(S. Romita) – Una solitaria aggressione avvenuta lontano dallo Stadio Olimpico dove si sarebbe giocata una partita di calcio tra due squadre entrambe ospiti nella casa della Roma, è terminata come tutti sanno in tragedia vera. E con la morte di Ciro, giovane napoletano,il mio cuore romanista non vuole essere coinvolto. Non può esserlo. Ma non è possibile. Chi ha sparato – e al termine del percorso giudiziario lo si saprà con certezza – mi ha violentemente coinvolto, in quanto tifoso romanista, in questa morte.
Mi ha posto in una condizione per cui il mercato, il progetto del nuovo stadio, il ritiro dei giallorossi, il prossimo campionato e l’avventura in Champions League hanno perso peso e molto del loro significato. E oggi leggere posizioni prese a nome di un’entità in sé astratta e che vive in tutti noi, come la Curva Sud, mi coinvolge nuovamente. Da garantista posso attendere il percorso della giustizia, ma in silenzio. Ed essere vicino a chi ha perso unfiglio. Ma, pur garantista, non posso essere mai dalla parte di chi uccide e con lui non ho alcun legame.

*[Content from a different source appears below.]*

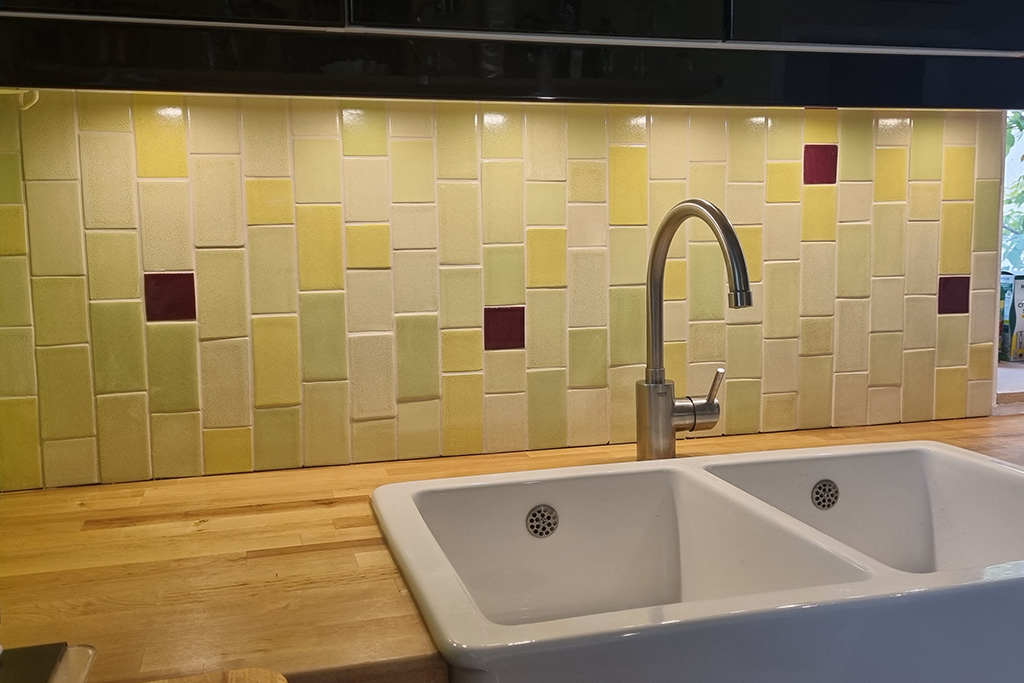 Heinrichs-Kamin-Design-Keramik-Waende-09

Ma la Curva Sud è composta di tante persone, migliaia di inquilini. Alcuni concretamente si dannano per animarla e costruire coreografie, fanno debiti, seguono la squadra in campi avversi. E hanno un valore assoluto, che tuttavia non li autorizza a lasciare margini scritti di ambiguità nei cuori di tutti gli altri.

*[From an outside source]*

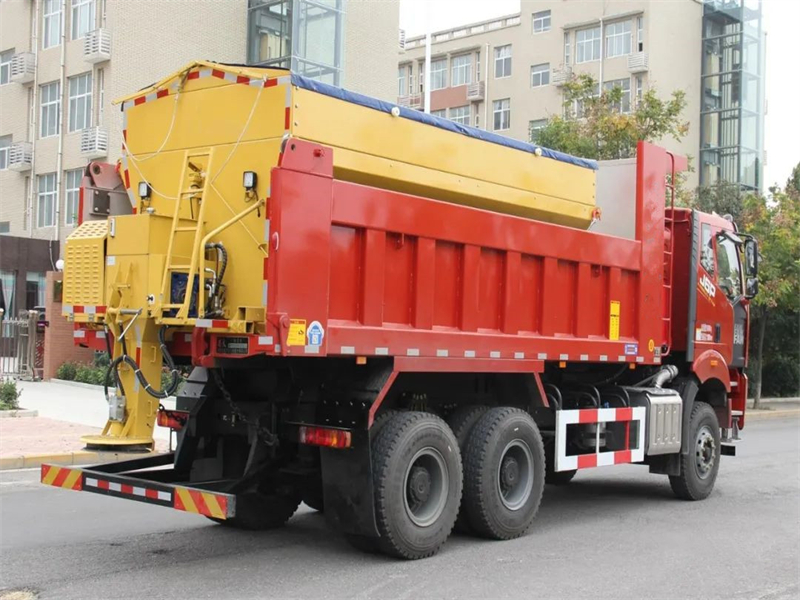 12方融雪劑撒布機 12方融雪劑撒布機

Anche io sono la Curva Sud. Anche noi siamo la Curva Sud. Non è un luogo fisico e basta. E’ la nostra anima, la fortezza immaginaria collettiva in cui sono custoditi i nostri spiriti. Di tutti i tifosi della Roma. E oggi siamo purtroppo tutti dentro una vicenda tristissima che non dovrebbe avere nulla a che fare con la gioia del calcio. E con unagioia ancora più superiore che è quella di tifare per la Roma.